Thanks for inviting me here!

Since my latest book, A Desperate Fortune, is built round a real-life historical road trip, I thought I’d pick five of my favourite historical road-trip romances:

I’ve enjoyed Tessa Dare’s writing for several years now. A Week to Be Wicked is part of her Spindle Cove series, and features a fun, mismatched pair on a dash north to Scotland that proves to be more than they bargained for. Loved it.

Carla Kelly, in Marrying the Royal Marine, does what she does best: She takes two believable, deeply drawn people and throws them together in troubled times, testing the honour of one and the strength of another in memorable, quiet, emotional ways.

The Rebel Pirate, second in the Renegades of the Revolution series by Donna Thorland, starts with one of the best first sentences I’ve ever read: “The gold was Spanish, the chest was French, the ship was American, and the captain was dead.” I couldn’t stop reading after that, and I’ll be you can’t, either.
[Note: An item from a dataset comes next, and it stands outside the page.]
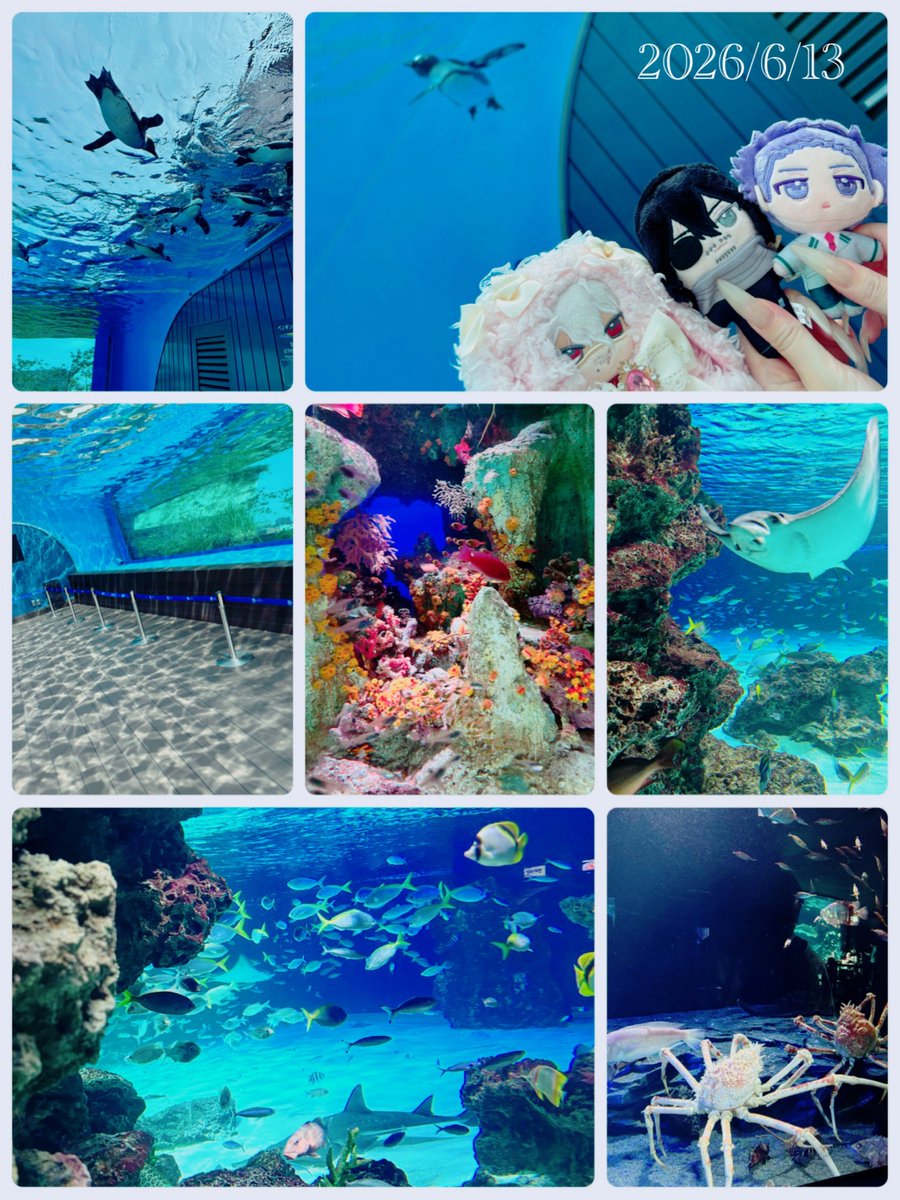 nateees27's tweet photo. 🍊ちゃんと水🐠族🐬館もいってきました✨ https://t.co/M99KXyynfi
Captured by Beverly Jenkins is a terrific book. Wonderfully researched and written, inspired by true history, it features a swashbuckling hero and a determined heroine, both black, one born free and one a slave, who give an unforgettable, original perspective on the Revolutionary War era.
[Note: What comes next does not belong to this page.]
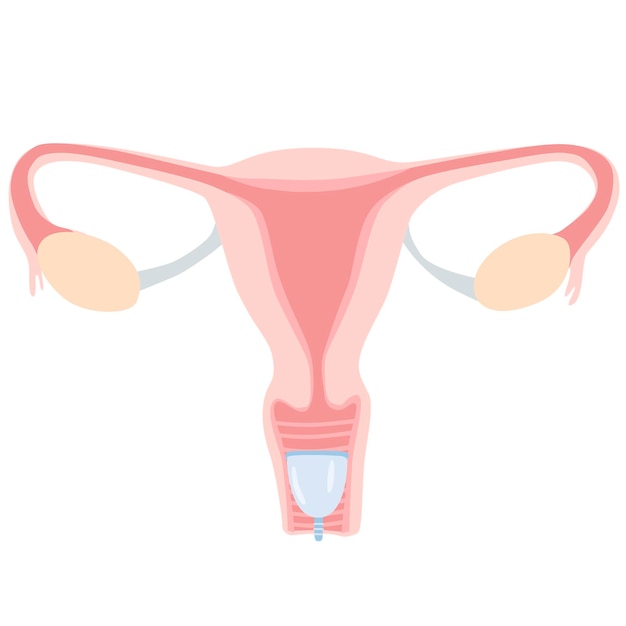 Vettore illustrazione vettoriale vagina con coppetta mestruale all'interno del prodotto per l'igiene femminile sfondo bianco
And finally, for a different twist on historical romance, there’s Meljean Brook’s Heart of Steel, the second of her Iron Seas steampunk books set in an intricately reimagined world that’s built so beautifully its history seems as concrete as our own. The couple in this book is equally matched in wit, fighting ability, bravery and love of adventure, and I read this all in one sitting.


Genevieve Graham

I’m not a “romance” kind of reader. Just like the books I read, the books I write contain real history and the often unpleasant truths about living in those times. I don’t pull punches and neither do my favourite authors. I love sweeping, epic adventures with believable heroes and heroines. I also love to learn about different time periods. Growing up, I had no interest at all in history, but these novels have brought history to life for me. Here are my top five historical fiction/historical romance favorites:

The books I love are often called both Historical Fiction and Historical Romance, even though the author doesn’t always set out to write a romance. I once saw Diana Gabaldon speak at a convention of the Romance Writers of America, and she said she was confused as to why she was there. “I don’t even write romance,” she said, and yet her books are incredibly romantic while also being unabashedly real. The first Historical Fiction novel I ever read (other than the “Little House on the Prairie” books when I was oh, so much younger!) was hers. I read the Outlander series seven times. After that, well, not only did I dive headfirst into any historical novel I could find, I was inspired to write my own.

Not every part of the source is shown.